In Norway, this type of long term planning became known as the Government Pension Fund (Global) of Norway. Some still refer to it by the old name, The Petroleum Fund, but regardless of title, it is the largest pension fund in Europe with a January 2017 valuation of 7.5 trillion NOK or about $1.1 trillion Canadian.

Unlike a true pension fund, Norway funds the plan through income from oil profits as opposed to personal contributions from Norwegians. The revenue comes in the form of corporate taxes, exploration licenses (leases) and from dividends paid by the state owned Statoil.  

Started in 1990, the fund was seen by government as the best way to prepare for the eventual decline in oil revenues and a way to “smooth out the disruptive effects of highly fluctuating oil prices.” It has been hugely successful and the Norwegian Ministry of Finance forecasts continued fund growth through 2030.

It is a plan that has been in place for 27 years and has provided Norwegians with universal daycare, free university and per capita healthcare spending that is 30 per cent higher than ours. It also provides for 25 days of paid vacation for everyone, every year. It might also help explain why Norway was just declared the happiest place on earth to live.

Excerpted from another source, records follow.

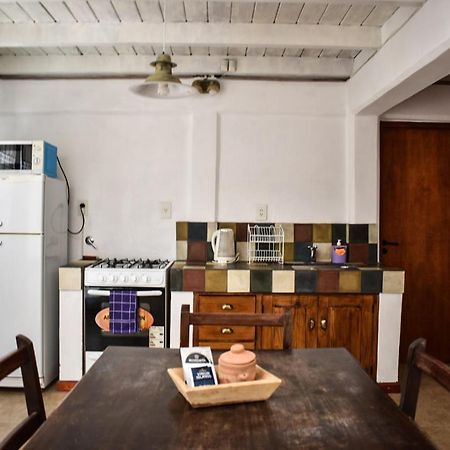 Cabañas La Sorpresa Tilcara Exterior foto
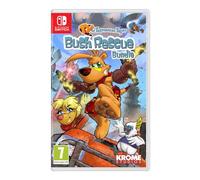 TY the Tasmanian Tiger™ Bush Rescue Bundle - Nintendo Switch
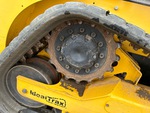 Drivetrain with 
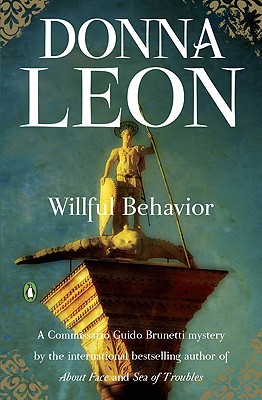 Willful Behavior - Leon, Donna
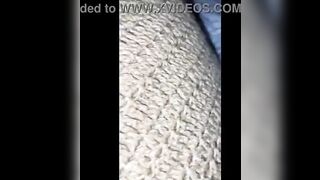 Allies StepMom Bangs BBC (three gap peculiar)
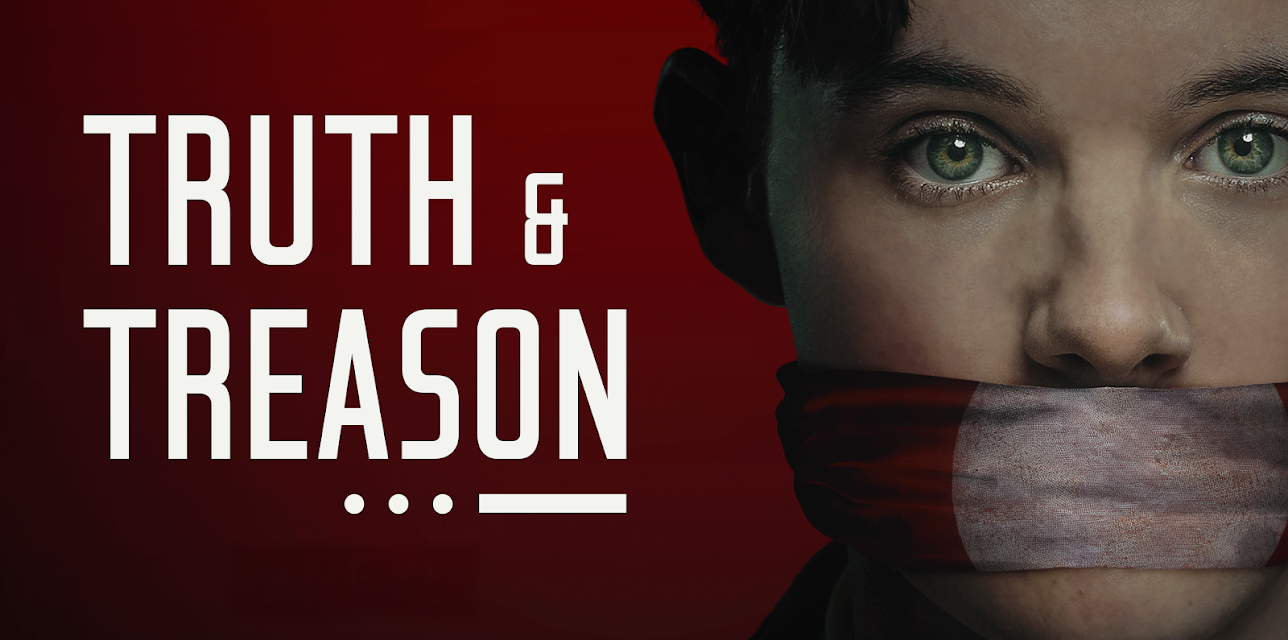 Truth & Treason (2025)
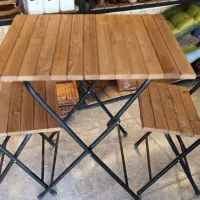 نجار و کارگر نیمه ماهر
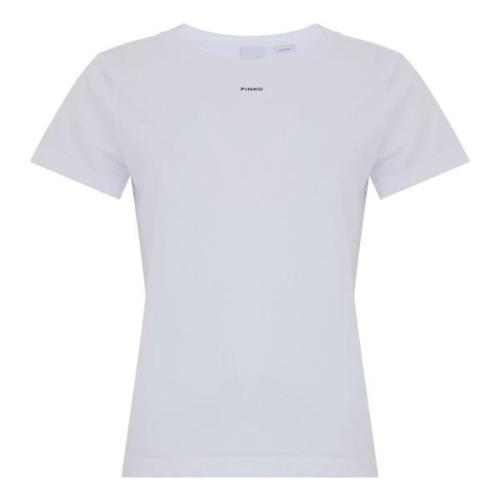 Hvide T-shirts og Polos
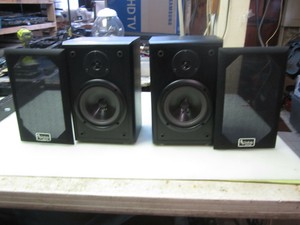 infinity sm 65 speakers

Norway is saving about $1 billion NOK per week and has so far resisted the urge to use these revenues on state day-to-day budget items — something Canadian provinces have been unable to resist doing with our resource revenues. As a result, Norway is far ahead of any province in Canada and likely to remain that way unless thinking changes here.

In Canada for example, Alberta’s Heritage Fund had an asset value of $19.1 billion as of December 31, 2016. The Heritage fund was established in 1976 with the stated objective, “to save for the future, to strengthen or diversify the economy, and to improve the quality of life of Albertans.” Yet by the 1990s, just as Norway was launching its resource-based fund, Alberta had decided to put a significant portion of their income into general revenues.

Since 1976, the Heritage Fund http://finance.alberta.ca/business/ahstf/index.html has earned over $190 billion, but the savings account has been raided again and again by successive governments and the value in the fund by 2014 was only $17.3 billion.  

The Canadian correspondent for The Economist suggested, as did the IMF, that every Canadian province should, “establish a sovereign wealth fund and treat non-renewable resource revenue as capital to be saved and invested, rather than income to be spent.”

Good advice, yet governments, including British Columbia ,have been unable to resist the temptation of the quick political fixes these large ‘savings’ funds offer.  

For any government unable or unwilling to balance its budget via traditional measures, a quick raid of the rainy-day fund solves its immediate dilemma.  In the meantime, the concept of a fiscal ‘steady hand’ teeters on the brink of credibility while debt skyrockets in a world of artificial prosperity.

We have the tools to solve these issues. But unlike Norway, it seems we have neither the fortitude nor foresight to act decisively and on behalf of our future. It seems always to be about re-election and retention of power at any cost.

In Norway, the government does not just pretend to care about the future of its citizens. It actually does care and work towards long term strategic goals. Had Alberta followed Norway’s example, their Heritage Fund would be worth nearly $130 billion instead of just $19 billion.  

Imagine where BC would be if we had treated our resource revenues as Norway has.